Silver Bullets Don’t Work

Reprinted from “Productive Workplaces” (Spring, 2000), the HR Group newsletter.

Core Management Principles and Supportive Organizational Values are all you really need to create and sustain a Productive Workplace. So many organizations, however, continue to embrace the latest buzzword or fad in organizational effectiveness: Reengineering, Restructuring, Total Quality Management, Continuous Improvement, Competitive Benchmarking and Teamwork to name just a few. Now we also have to “measure” everything. Why is everyone still searching for the magic silver bullet? Is it because the last one failed, so they have to try the next one in this endless parade of management’s latest flavor of the month?

We have known for over sixty years that self-motivation (or intrinsic motivation) is the only true means of creating and sustaining a Productive Workplace. Many management experts, past and present, have made the distinction between external (extrinsic) and self (intrinsic) motivation and said that self-motivation could only be achieved through meaningful work. They identify the following means of creating such meaningful work:

  • Provide employees as much control as possible over their own work
  • Delegate authority
  • Increase accountability
  • Provide timely performance information
  • Provide complete units of work
  • Reward performance

This is supported by today’s prevalent participative management theory. The message is still the same: if you want productive, self-motivated employees, you have to provide meaningful work which necessitates providing employees with as much “ownership” of their jobs as possible. More information, greater knowledge, more power through delegated authority, increased accountability and a share in the rewards based on organizational and personal performance all create “ownership”.
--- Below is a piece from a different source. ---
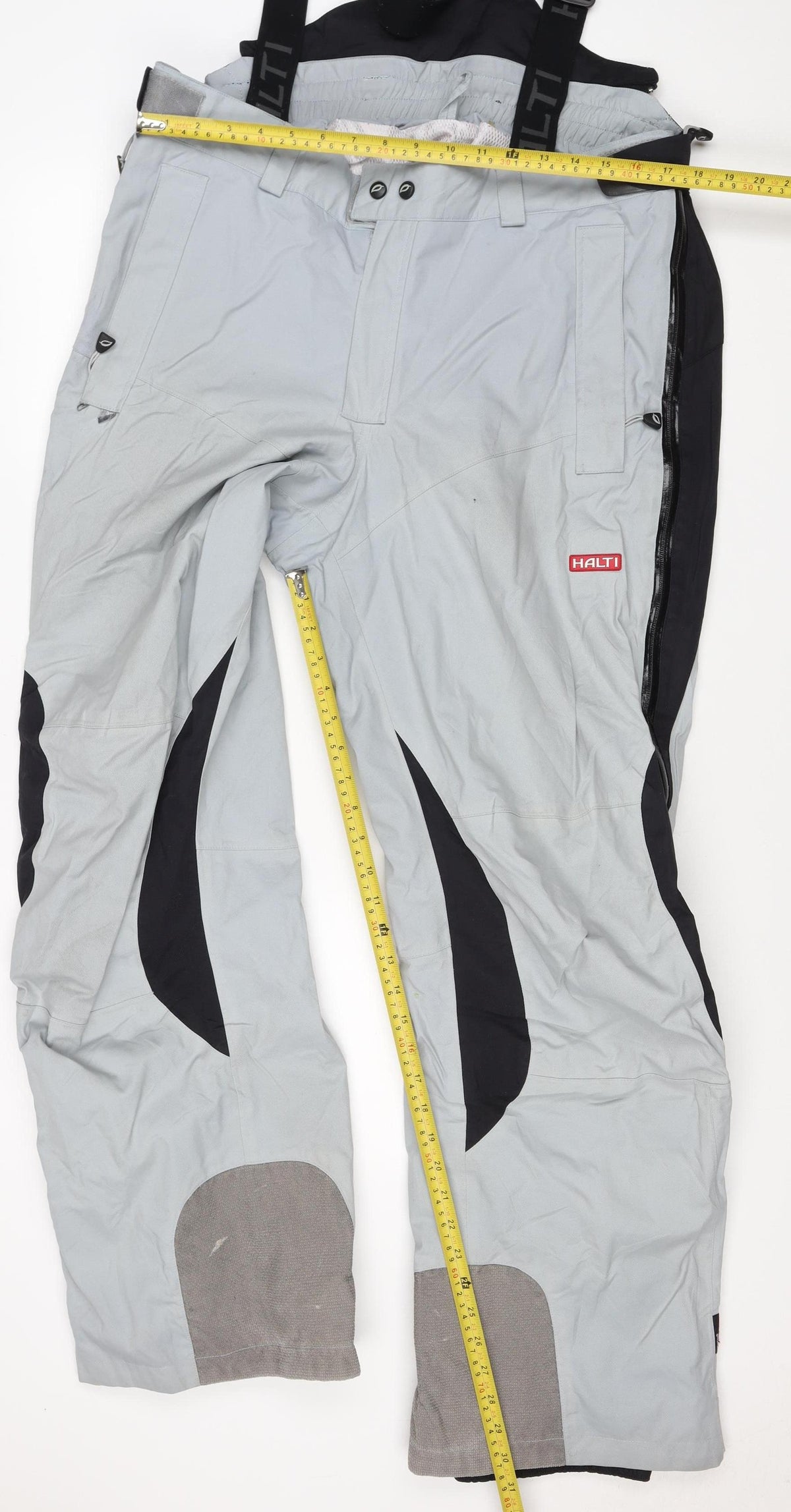 Halti Men Grey XL Snow Pants Ski Trousers with Braces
Why are these core management principles so hard to understand? Aren’t these, after all, the same principles that have driven business entrepreneurs for years? Aren’t they also the same principles that act as the rewards for senior managers? We all try harder and care more when we “own” something. If we own the house, we care more than if we rent it. If we own the job and our livelihood is directly tied to how well we perform it then we care more. If we own the problem then we will try harder to fix it ourselves. Ownership creates self-motivation.

Most organizations, however, do not follow these core management principles and continually search for that magic cure-all, especially one that is simple to implement and which demands the least change in management style and practice. This cannot work. How can one implement the concepts of continuous improvement, for example, if employees are not given the authority to fix problems or serve customers and can’t obtain the full rewards for initiative and creativity? This is why there is such an increase in reward programs that provide employees with a “stake” in the organization. Gainshare programs and stock options are becoming more commonplace in the private sector and significant bonuses tied to performance outcomes (not outputs) are becoming more frequent in the public sector.
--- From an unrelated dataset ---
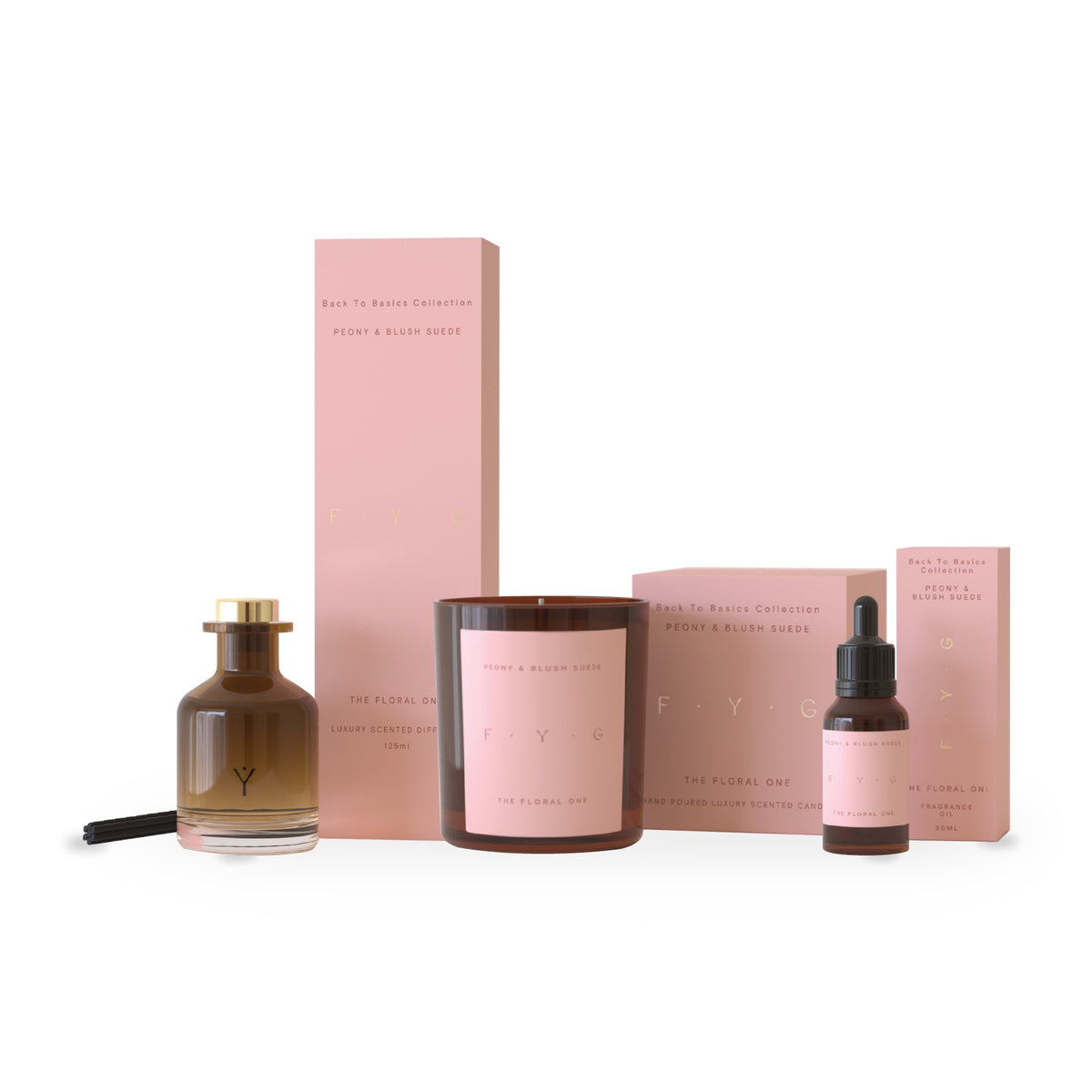 Peony & Blush Suede Reed Diffuser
If there is meaningful work and ownership of it, then the self-motivation is there to ensure that the concepts of quality management, continuous improvement, teamwork and customer service are an inherent part of the job and not some magic prescription that is prescribed every so often and frequently changed. If the core principles are in place, you don’t need the silver bullet.

In order for these core management principles to be successfully implemented, however, the organization must possess certain basic values that support them. If the organizational culture is not supportive then the core principles will not succeed. Many an organization is quick to say that authority is delegated, information openly shared and performance rewarded, for example, but in many cases it is only lip service that is paid to these principles and continuing productivity is never gained.
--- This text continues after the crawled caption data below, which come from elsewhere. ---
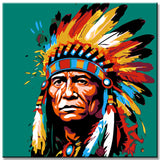 Indianer - Malen nach Zahlen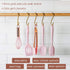 Set Collfa Rose Gold And Pink Kitchen Utensil Small Five-Piece Mini Silicone Kids Kitchen Tools Whisk Spatula Tongs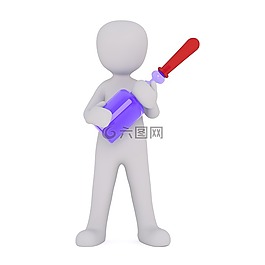 化学家,管,女子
One organization that we work with has taught us the true worth and necessity of such basic values. Part of their corporate culture statement says that:

  • We believe that everyone comes to work to do a good job.
  • We believe in ownership of one’s job. Therefore, we believe those affected by a decision should have informed input into that decision.
  • We believe that it is the job of leaders to ensure that people have the necessary training, experience and information at their disposal and have become well informed in order to make good decisions.
  • Our culture is driven by the rewards of honesty, integrity, trust and high achievement with respect for each other, our assets and our environment. These values will not be compromised for profit.

Having experienced extremely rapid growth, this organization realized that their management practices were no longer congruent with their corporate values. We have learned first hand the power of such corporate values as we have constantly been challenged by the client to prove to their satisfaction that the management changes that we have advocated are congruent with their values. Our impatience with the slow pace of change has been tempered by the client’s desire to take a slower course in order to allow all staff ample time to adapt.

Interestingly enough this client has few policies, does not believe in formal goals and objectives and does not see value in extensive production measurements. They believe, instead, that adherence to their stated quest, “To be the supplier of choice in our chosen fields of endeavor by offering the best quality and the best customer service while maintaining the lowest production costs”,  is what is required to make them successful.  They also realize that they require the core management principles to ensure that all staff are fully motivated to follow through with this quest and their values. Their growth and productivity attest to the value of this approach.

The core principles remain the same and stand the test of time; supporting values ensure their implementation, integrity and protection. With both you don’t need a silver bullet.